On the airplane, Carmen gives up on her iPhone while admiring the speed of her seat-mate's phone as he plays a game on his Galaxy S9. And in the pouring rain, she inadvertently steals another customer's ride because her phone won't load her app fast enough to identify which car has come to fetch her. 

Soaked to the bone, but now in the right vehicle, poor Carmen tells her driver to head downtown, while she waits for her maps to load up and pinpoint the exact address. 

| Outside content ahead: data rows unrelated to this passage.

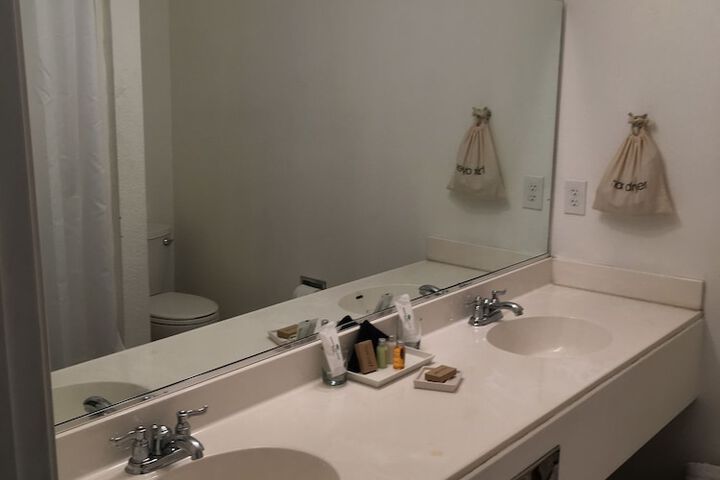 Room 75 of 173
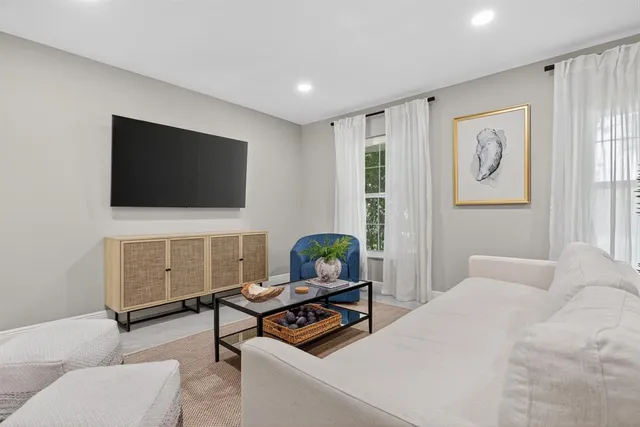 $825,000 | 2421 Northwest 114th Avenue, Coral Springs, FL 33065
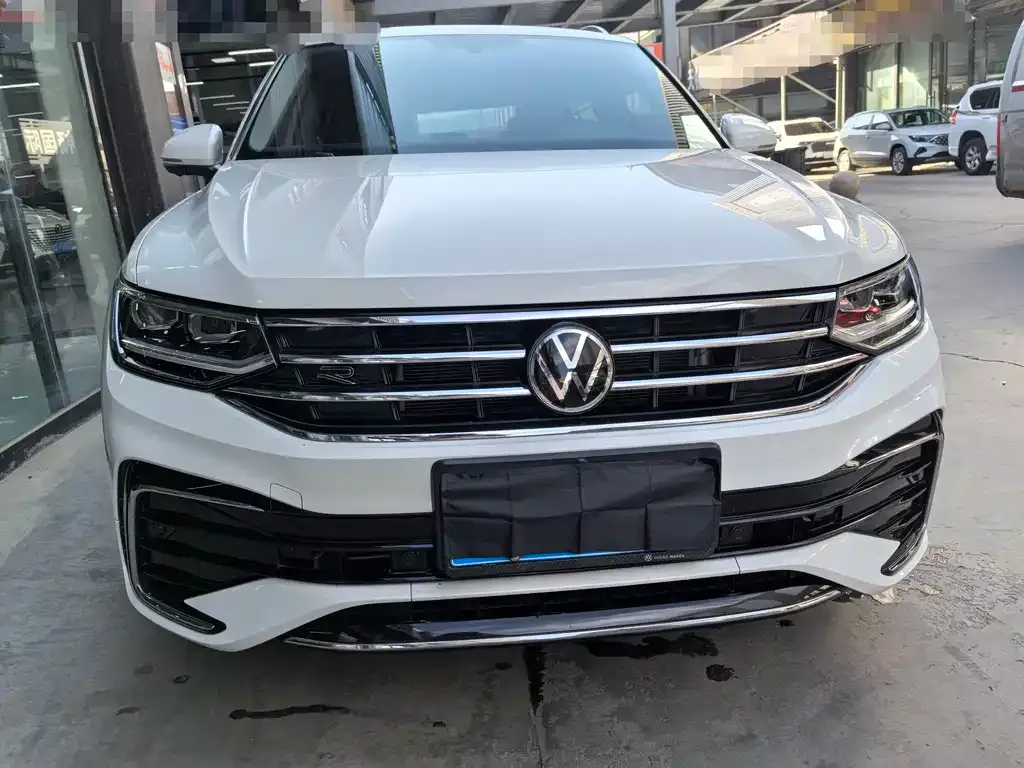 Volkswagen Tiguan L 2021 из CN, фото 5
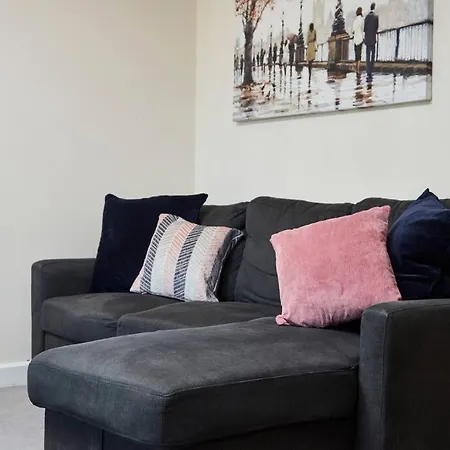 Spacious Flat With Parking In The Heart Of *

Running out of patience, and being goaded by her mother through text, Carmen dashes through the raindrops into an "Apple" store to fix her slowness issue, where a customer service rep tells her she can turn off the performance management software -- at the expense of having the battery throttled. 

samsung-ad-iphone-speed

We feel her pain. Who hasn't been this person?

Screenshot by Jessica Dolcourt/CNET

Outside the store, a man and child, both with haircuts resembling the iPhone X notch design, stare out eerily, blankly, into the camera. You can almost see Carmen recoil. In the end, she's warm, dry and happily relaxing on a couch, unboxing her new purple Galaxy S9 Plus .

It's a clever, compelling ad as far as these things go, if it weren't for the puzzling fact that Samsung compares its modern device with an iPhone 6 that's nearly 4 years old. Please; any modern phone would be an upgrade, and this particular comparison between the superspeedy, superpricey Galaxy S9 and the old, small iPhone 6 is like Goliath kicking around David's scrawnier kid bother. 

I can see where Samsung's ad agency was going with this: The iPhone in question runs iOS 11.2.6, an OS optimized for newer devices, which helps explains why Carmen's phone is so slow, besides the obviously older tech. The Galaxy S9 has impressed her in her travels and she has no desire to continue as an iPhone clone (cue the creepy kid and dad with the notched iPhone X haircut).

To hammer home the point of the Galaxy S9 as a speed demon, the company released test results from Ookla, a speed test app for phones and the web, that shows the Galaxy S9 blowing by most other phones by double-digit percentage speeds, on the US' four major networks -- including the iPhone X and Galaxy Note 8 phones. 

gs9-downloadspeeds

Click to enlarge.

Samsung/Ookla

We don't have much insight into Ookla's methodology, except that these figures represent mean download speeds on a 4G network. Why didn't Samsung's commercial just lead with that? We may never know.

Samsung's anti-iPhone ad launches a day before the Galaxy S9 and S9 Plus with 128GB and 256GB storage options go on sale(May 18). The "regular" S9s have 64GB of storage for your photos and video. You know, if you're feeling especially inspired.

Updated at 6:37am PT to correct the sale date of the 128GB and 256GB models.